To be inside the lush

       of life I climb alive a tree

 

           outside the guarded rise

                  of hospital where you receive

 

your treatment. Attached against

       my back I have a crate of caf-

 

           feinated soap and aging

                  pediatric drinks you drink to sink

 

your sweating. The nurses

       tell the officers

 

           that I am not a safety

                  concern but I am still

 

concerned for your bald return

       to safety.

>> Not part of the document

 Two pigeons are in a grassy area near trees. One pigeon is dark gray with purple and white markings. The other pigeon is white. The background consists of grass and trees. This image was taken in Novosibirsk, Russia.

In my tree, I eat

 

           peaches from a shelter

                  can I later use to plant

 

with hands around

       my mouth and yell

 

           political obscenities

                  instead of finally crying. You have

 

youth and roaming cancer and I keep

       an articulate distance between

 

           allowing myself to think of that. At your

                  last known apartment, the traffic throbs

 

a swan of ruffled rivalry and everyone forgets

       an election has occurred. If I admit

 

           to you that none of our shared reticules

                  have parachutes that means

 

we’ve given up. Here at last

       is the tidal wave survival

 

           recital we use to prove

                  there’s music. You will accept

 

the invitation because

           there is no other way.

 


Daniel Khalastchi is the author of two books of poetry, most recently Tradition, published by McSweeney's in 2015. A graduate of the Iowa Writers' Workshop and a former fellow at the Fine Arts Work Center in Provincetown, he lives in Iowa City and directs the University of Iowa's Magid Center for Undergraduate Writing. He is a founding editor of Rescue Press.